Фидель повернул голову: возле кровати на низенькой табуреточке сидела Аврора и с любопытством его разглядывала.
Спунка сроду ничем не болела – так уж ее воспитала бабушка, – и ей просто не терпелось получить рассказ с подробностями, правду из первых рук.
– Лежишь? – спросила она. Спун кивнул.
– Болеешь? – Спун кивнул.
– А что у тебя болит? Горло? Ну-ка, открой рот!
Спун послушно открыл рот. Горло было очень красным. Язык был белым.
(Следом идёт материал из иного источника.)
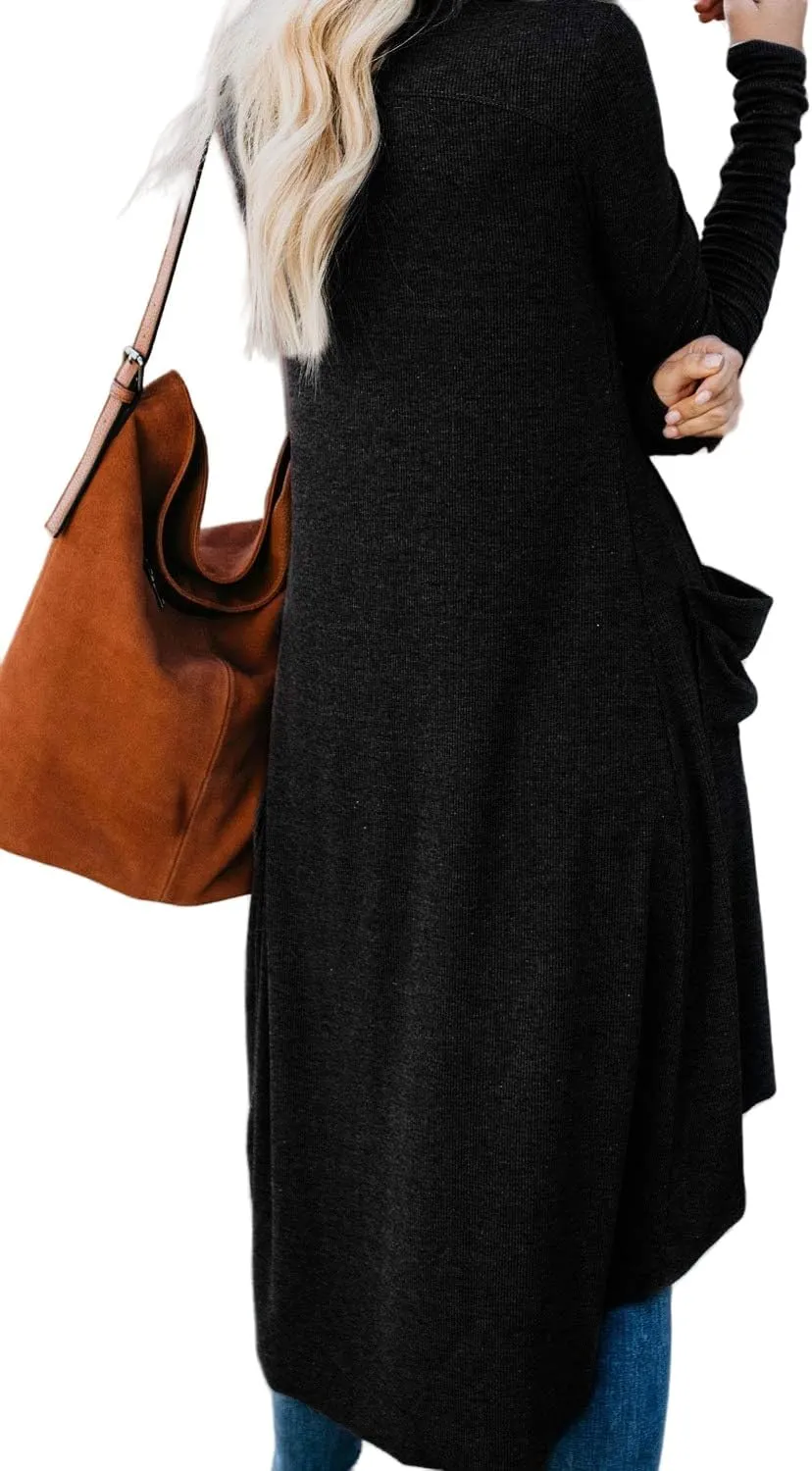 Womens Long Cardigans Open Front Button Sweater Long Sleeve Knit Sweaters Coats Outerwear with Pockets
– Дааа…– только и могла вымолвить Спунка. Она даже привстала, чтобы удобнее было смотреть. Потом высунула свой язык как можно дальше и попыталась скосить на него глаза. А поскольку язык у Спунки был длинным (да-да, ее ведь часто ругали за это! чуть что, говорили: «Ну и длинный же язык у тебя, девочка!»), так вот, раз у нее был такой язык, она без труда рассмотрела, что он нежно-розовый, как и полагается языку.
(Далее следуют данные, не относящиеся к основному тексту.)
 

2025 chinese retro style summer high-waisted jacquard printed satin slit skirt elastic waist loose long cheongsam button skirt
– Эх! – разочарованно сказала она.
Тут пришла мама и принесла брусничный кисель и печенье. Но Фиделю совсем ничего не хотелось, даже печенья с изюмом – когда болеешь, становишься очень странным.
Ночью Фидель почти не сомкнул глаз. Ему было то жарко, то холодно, и сны снились какие-то всё дурацкие и тревожные. Он просыпался, смотрел на часы – скорей бы день, днем всё не страшно! – но стрелки почти не двигались.
Мама подходила к нему много раз, меняла повязку на лбу, сидела рядом. Она зажгла ночник, и тот светился прозрачным сиреневым огоньком. Даже сквозь дрему Спун видел этот огонь и мысленно держался за него, чтобы не заблудиться среди темных деревьев, которые вдруг окружили его со всех сторон. Деревья подкрадывались, ставили подножки, ловили цепкими ветками, глухо гудели, склонялись, шептали что-то. Но огонёк горел, он то приближался, то удалялся, но продолжал гореть и указывать путь, как маяк.
И вот деревья уже бледнее, уже не так нависают над головой, отступили на шаг. Можно различить привычные вещи – стол, книжный шкаф, подвесные качели. Всё стало знакомым, таким, как обычно.
А потом стены вдруг сделались розовыми, и на полу протянулись солнечные полоски. В комнате появился столбик света, и в нем стали кружиться и красоваться пылинки.
Спун впервые в жизни смотрел на такое чудо. Любая пылинка в этот момент казалась пушистой и нарядной, как будто они никуда не спешили, гуляли и очень нравились себе и друг другу.